Python / NVRTC performance (CUDA 12.2+)

FLAMEGPU / FLAMEGPU2

FLAME GPU 2 is a GPU accelerated agent based modelling framework for CUDA C++ and Python

https://flamegpu.com

MIT License

106 stars 22 forks source link

Python / NVRTC performance (CUDA 12.2+) #1118

Open ptheywood opened 1 year ago

ptheywood commented 1 year ago

Recent runs of the python test suite (CUDA 12.0, 535.104.05, Python 3.12) took a significant length of time to run under linux

650 passed, 11 skipped, 69 warnings in 3080.89s (0:51:20)

A second run, which uses the jitify cache / python caches was significantly faster (965x)
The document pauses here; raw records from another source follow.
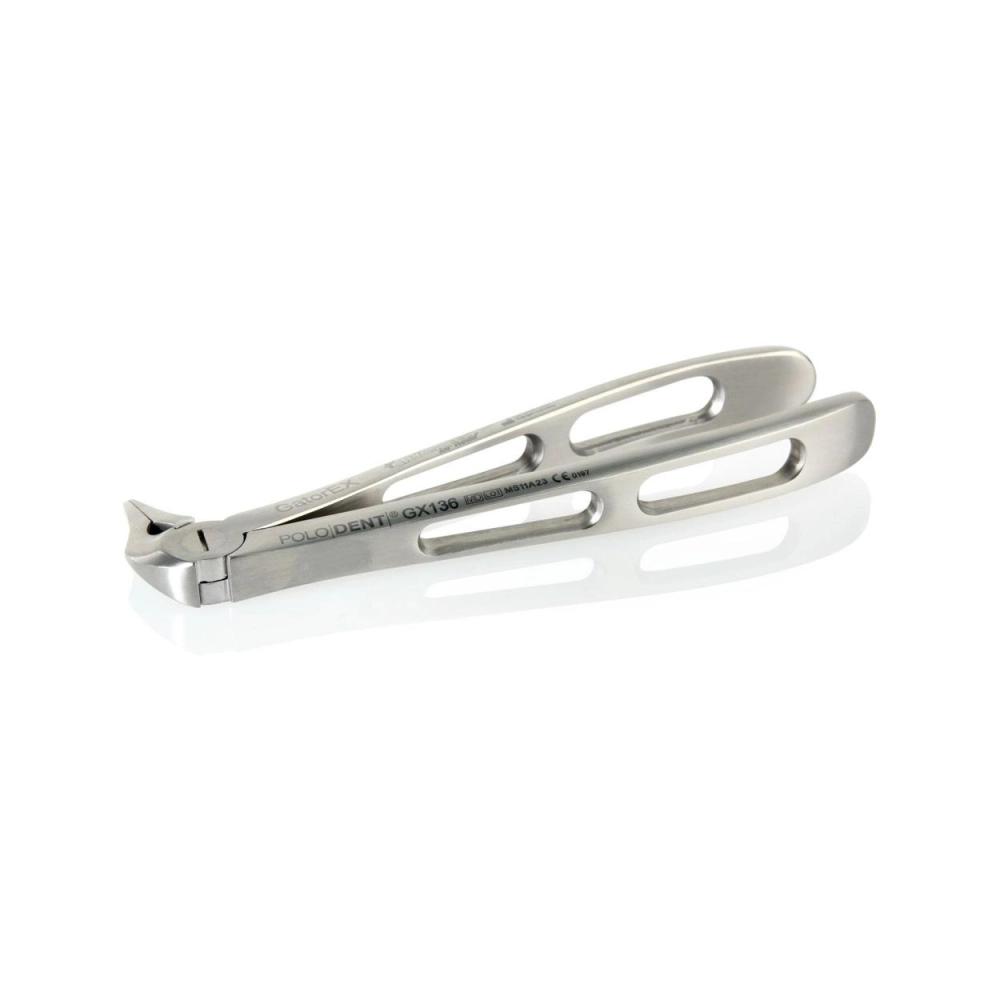 PoloDent GatorEX Davier GX136 l'unité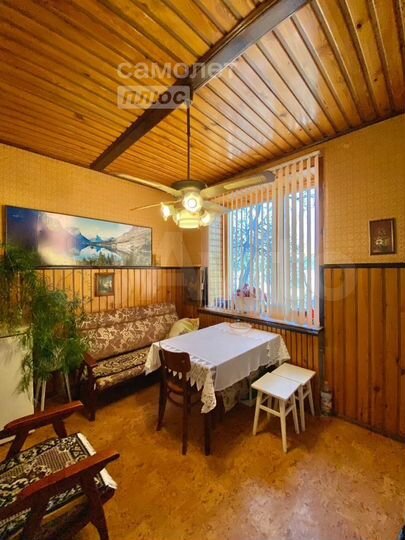 2-к. квартира, 61,5 м², 3/5 эт.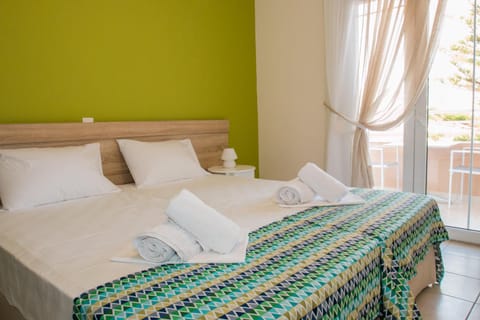 Sunny Beach Apartments Apartment in Rethymno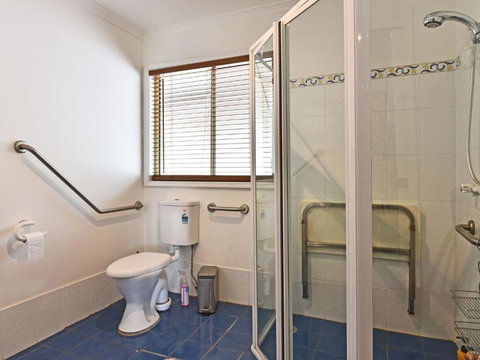 Wallaby Cottage Cute Accom In Bushland Setting - Accommodation Brisbane 2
650 passed, 11 skipped, 69 warnings in 3.19s

This was a manylinux based wheel, so SEATBELTS=ON, GLM=OFF.

We should probably investigate this if we are going to push the python side more thoroughly, 50 mins of jitting for 3s of total runtime is bad (the test suite is more or less worst-case compilation vs model runtime, but its pretty bad).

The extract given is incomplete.